Frankly, we recommend that any time you have a license to carry a handgun and you’re pulled over, you should hand over your license to carry with your driver’s license. Even if you’re not carrying, even if you don’t think you should have to, it’s just something that can be helpful in your traffic stop. The officer will oftentimes already know that you have one from having run your driver’s license when he pulled you over. And officers tend to like people who have a license to carry. It might make your traffic stop a little bit more pleasant.
What happens if you have a gun in your car when you’re pulled over? Do you have an affirmative duty to tell the officer about the presence of weapons? No, actually you don’t. And in fact, we recommend that you not affirmatively disclose this information. It could complicate a traffic stop that would otherwise be very ordinary, very run-of-the-mill. If you have a license to carry, you should hand it over and your officer will probably say, Is there a gun in the car?

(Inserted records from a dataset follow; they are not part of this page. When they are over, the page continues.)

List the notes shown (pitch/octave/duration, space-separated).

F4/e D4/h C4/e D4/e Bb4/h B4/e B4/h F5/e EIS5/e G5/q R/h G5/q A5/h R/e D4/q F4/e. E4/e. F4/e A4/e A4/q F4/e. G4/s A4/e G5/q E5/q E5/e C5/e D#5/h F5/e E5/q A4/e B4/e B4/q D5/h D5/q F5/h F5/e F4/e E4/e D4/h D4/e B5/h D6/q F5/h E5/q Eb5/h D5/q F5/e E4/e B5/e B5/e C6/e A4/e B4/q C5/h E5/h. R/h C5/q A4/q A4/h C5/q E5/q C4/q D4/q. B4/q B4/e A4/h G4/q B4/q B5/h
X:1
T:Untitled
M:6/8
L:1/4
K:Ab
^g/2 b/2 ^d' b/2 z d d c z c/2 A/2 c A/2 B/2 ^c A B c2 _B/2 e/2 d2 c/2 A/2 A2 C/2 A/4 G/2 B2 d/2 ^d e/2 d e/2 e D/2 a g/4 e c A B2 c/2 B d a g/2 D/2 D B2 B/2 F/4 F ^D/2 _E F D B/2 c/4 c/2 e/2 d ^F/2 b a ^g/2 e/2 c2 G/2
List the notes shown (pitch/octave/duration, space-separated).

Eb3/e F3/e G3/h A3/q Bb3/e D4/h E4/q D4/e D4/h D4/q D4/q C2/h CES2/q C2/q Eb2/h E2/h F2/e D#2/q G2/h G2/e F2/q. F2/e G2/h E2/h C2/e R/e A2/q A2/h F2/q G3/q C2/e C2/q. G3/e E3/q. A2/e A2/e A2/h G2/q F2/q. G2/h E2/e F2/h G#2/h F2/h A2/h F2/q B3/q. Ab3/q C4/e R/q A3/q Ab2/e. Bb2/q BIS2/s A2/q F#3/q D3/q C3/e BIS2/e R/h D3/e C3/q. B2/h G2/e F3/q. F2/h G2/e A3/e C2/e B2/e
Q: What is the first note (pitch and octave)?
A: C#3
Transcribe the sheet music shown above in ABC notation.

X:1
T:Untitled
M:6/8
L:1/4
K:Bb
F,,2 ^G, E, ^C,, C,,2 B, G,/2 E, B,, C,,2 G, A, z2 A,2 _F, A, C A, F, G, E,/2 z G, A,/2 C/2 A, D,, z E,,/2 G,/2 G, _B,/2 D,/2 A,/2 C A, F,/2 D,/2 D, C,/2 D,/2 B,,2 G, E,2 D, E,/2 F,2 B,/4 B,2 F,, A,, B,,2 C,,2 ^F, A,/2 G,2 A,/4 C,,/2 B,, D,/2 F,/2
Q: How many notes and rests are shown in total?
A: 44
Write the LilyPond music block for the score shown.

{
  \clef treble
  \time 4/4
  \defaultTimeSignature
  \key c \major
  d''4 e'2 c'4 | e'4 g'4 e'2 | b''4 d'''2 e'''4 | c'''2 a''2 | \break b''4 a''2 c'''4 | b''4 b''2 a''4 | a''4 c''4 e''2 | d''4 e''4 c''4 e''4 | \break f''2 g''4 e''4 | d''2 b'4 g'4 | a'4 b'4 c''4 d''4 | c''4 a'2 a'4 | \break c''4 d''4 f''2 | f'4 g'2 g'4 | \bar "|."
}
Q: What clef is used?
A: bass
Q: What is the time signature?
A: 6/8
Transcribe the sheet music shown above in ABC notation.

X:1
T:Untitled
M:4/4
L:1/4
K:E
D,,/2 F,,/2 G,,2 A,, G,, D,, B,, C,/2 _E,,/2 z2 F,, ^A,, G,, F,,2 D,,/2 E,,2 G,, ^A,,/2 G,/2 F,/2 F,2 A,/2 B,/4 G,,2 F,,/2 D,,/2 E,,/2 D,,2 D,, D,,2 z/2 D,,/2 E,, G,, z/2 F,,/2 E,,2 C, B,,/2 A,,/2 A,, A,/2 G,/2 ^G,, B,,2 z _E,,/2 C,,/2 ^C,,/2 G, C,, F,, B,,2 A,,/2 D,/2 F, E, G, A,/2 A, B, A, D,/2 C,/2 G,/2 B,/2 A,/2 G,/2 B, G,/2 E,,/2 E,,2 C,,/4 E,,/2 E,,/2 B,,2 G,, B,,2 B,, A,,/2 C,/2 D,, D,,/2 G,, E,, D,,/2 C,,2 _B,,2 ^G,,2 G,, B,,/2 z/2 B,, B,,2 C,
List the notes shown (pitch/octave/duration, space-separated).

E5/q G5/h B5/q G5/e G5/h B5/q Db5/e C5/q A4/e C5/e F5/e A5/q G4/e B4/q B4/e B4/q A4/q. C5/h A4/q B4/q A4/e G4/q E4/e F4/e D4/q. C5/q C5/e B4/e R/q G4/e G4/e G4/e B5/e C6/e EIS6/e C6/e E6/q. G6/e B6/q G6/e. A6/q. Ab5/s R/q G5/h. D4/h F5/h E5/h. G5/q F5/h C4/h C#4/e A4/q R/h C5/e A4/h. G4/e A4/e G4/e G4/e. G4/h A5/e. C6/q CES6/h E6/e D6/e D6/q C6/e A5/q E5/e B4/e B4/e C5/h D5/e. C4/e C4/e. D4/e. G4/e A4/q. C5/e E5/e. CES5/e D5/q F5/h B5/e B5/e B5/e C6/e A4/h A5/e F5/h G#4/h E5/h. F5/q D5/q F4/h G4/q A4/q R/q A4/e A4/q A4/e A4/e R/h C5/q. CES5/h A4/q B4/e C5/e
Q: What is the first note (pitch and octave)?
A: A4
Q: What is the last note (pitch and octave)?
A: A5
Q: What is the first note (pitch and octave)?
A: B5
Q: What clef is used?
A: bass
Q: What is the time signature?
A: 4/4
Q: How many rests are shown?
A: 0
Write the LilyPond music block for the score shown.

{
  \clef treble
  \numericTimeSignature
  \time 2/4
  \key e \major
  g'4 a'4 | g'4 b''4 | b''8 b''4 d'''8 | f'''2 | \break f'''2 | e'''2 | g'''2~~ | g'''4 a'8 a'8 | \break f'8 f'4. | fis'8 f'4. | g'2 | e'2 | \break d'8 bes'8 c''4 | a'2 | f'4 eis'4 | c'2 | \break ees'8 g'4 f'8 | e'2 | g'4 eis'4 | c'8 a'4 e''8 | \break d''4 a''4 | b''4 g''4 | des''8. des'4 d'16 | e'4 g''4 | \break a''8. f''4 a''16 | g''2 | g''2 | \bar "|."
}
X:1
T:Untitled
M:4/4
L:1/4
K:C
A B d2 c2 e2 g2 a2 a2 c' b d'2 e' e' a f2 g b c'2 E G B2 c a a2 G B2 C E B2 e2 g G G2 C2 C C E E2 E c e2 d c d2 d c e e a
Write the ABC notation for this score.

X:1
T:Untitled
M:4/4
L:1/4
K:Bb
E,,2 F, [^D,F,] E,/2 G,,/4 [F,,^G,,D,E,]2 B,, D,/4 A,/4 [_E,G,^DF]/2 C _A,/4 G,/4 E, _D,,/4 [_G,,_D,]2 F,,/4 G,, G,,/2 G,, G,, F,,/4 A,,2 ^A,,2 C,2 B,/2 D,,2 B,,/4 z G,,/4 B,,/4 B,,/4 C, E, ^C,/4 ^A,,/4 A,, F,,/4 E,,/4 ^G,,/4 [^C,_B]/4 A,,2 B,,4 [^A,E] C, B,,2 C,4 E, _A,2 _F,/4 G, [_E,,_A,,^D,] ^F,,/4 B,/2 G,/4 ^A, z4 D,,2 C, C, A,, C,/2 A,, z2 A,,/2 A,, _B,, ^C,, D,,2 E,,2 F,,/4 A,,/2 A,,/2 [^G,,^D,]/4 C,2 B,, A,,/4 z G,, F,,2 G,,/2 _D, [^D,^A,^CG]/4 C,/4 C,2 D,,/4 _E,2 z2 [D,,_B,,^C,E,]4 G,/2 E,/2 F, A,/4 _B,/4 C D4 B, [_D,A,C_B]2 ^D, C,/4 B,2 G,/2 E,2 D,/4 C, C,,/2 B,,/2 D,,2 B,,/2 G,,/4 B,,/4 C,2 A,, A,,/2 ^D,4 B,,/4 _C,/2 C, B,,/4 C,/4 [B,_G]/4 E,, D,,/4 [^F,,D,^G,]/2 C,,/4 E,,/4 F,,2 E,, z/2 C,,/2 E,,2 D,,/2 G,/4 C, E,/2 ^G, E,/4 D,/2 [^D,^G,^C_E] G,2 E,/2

Absolutely, be honest. Tell them exactly where it is. Don’t reach for it when he asks you that, but make sure he knows where it is in the car. If you don’t have a license to carry and he just happens to ask you this question, “Do you have anything in the car I should know about, any weapons, firearms?”, of course be honest. But we recommend not disclosing this information before you’re asked.
Do the police need a warrant to search your car after you’ve been pulled over? No. Actually this is one of the largest exceptions to the warrant requirement. All a police officer has to do is articulate that he has probable cause that there’s evidence of a crime in your vehicle. So long as he can say he has probable cause, he’s allowed to search your car, no warrant required.